The classes I’ve taken challenge you to widen your scope of knowledge and habits of thinking. For example, in Adam Romero’s class we learned to expand the way in which we think of time and our sense of temporality. It's almost like science fiction. And that's one of the greatest things about it. Like in Shannon Cram’s class, we talked a lot about the kind subject matter that you might see in shows such as Black Mirror, which has a lot to do with the darker aspects of technology in society. So, it helps us to think about the beneficial side and how we can improve technology, so that we don't go down this dark path. These classes allow us to think about things that humanity as a whole, right now, is having trouble reckoning with.

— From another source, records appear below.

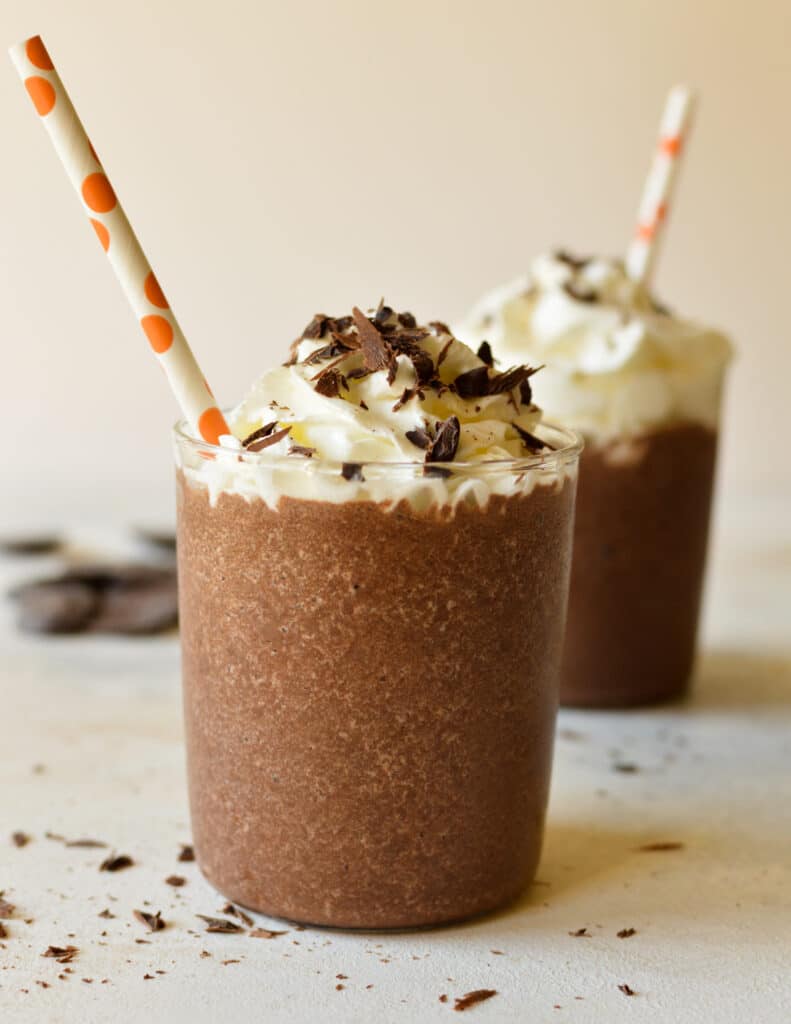 Chocolate Milkshake Without Ice Cream caramel and cashews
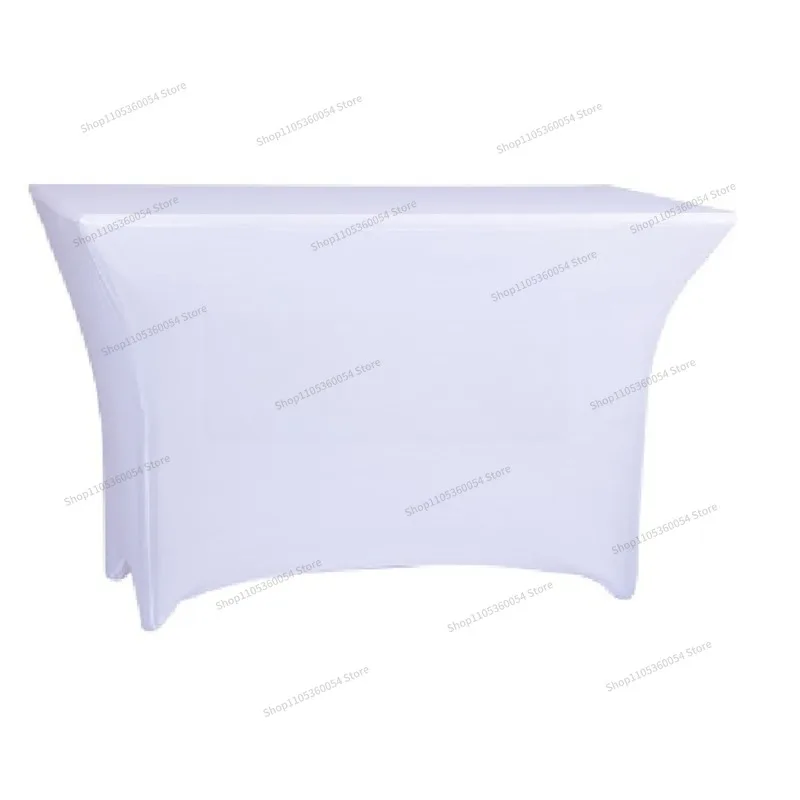 For Elastic Cocktail Table Cover, Rectangular Bar Cover, Elastic Tablecloth, Wedding Banquet Table Cover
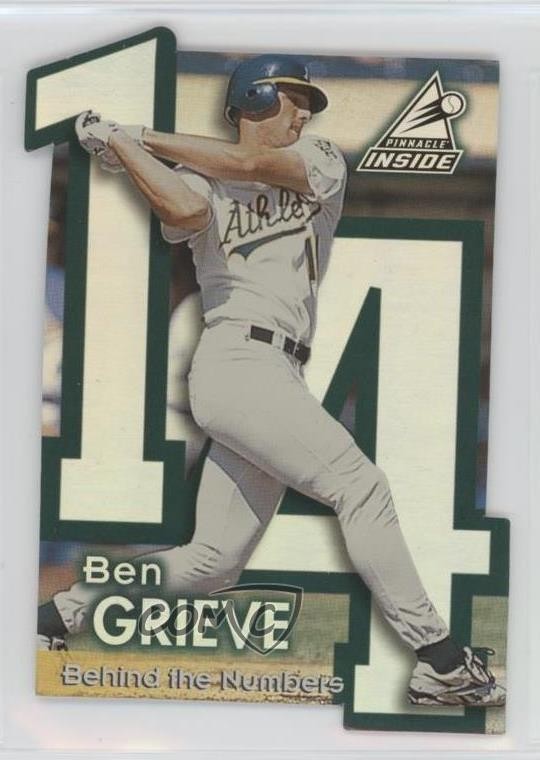 1998 Pinnacle Inside Behind The Numbers Ben Grieve #16 0i5i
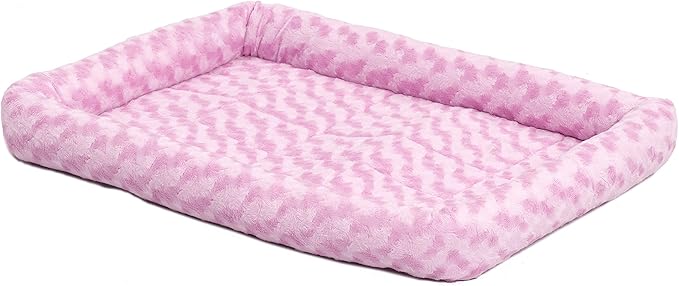 QuietTime XXS Dog Bed – Cinnamon Faux Fur Bolster, Ultra-Soft and Machine Washable, Fits 18-Inch Crates and Carriers, for Small Dogs and Cats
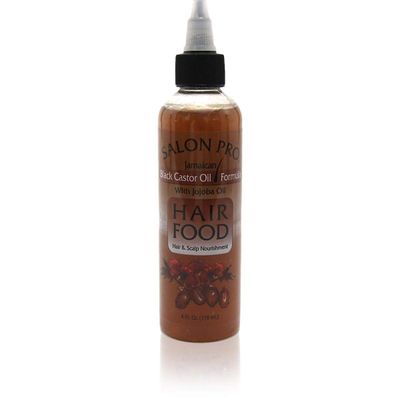 Salon Pro Black Castor Oil Formula with Jojoba Oil Hair Food 4 Oz,Pack of 2
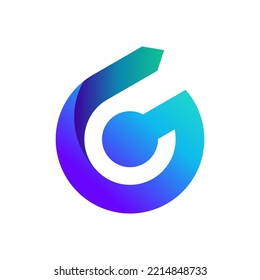 The logo design of the letter G and arrows up as a representation of the progress and rapid development of technology in this era. This logo is suitable for a technology-themed business or a digital b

What should students considering the STS major know?
This major is fun, especially for someone like me who thinks in terms of data and numbers. It's been great to get to be creative and think for myself. STS can really apply to anything in life because the study of technology here is more about exploring how science can help better society.
Know that you can take the things that you find interesting the world into STS. Think about how science, technology and society impact yourself, your Community, the world—then you can really think about how you can apply yourself to the major. And don't lose your art, because what else do we do a lot of this stuff for!
STS is like studying real life science fiction, with real life applications. It provides an interdisciplinary avenue that’s applicable to many different fields of industry or lifestyles so students can apply their interests in STS to create the world that they want to exist in or the life that they wish to live.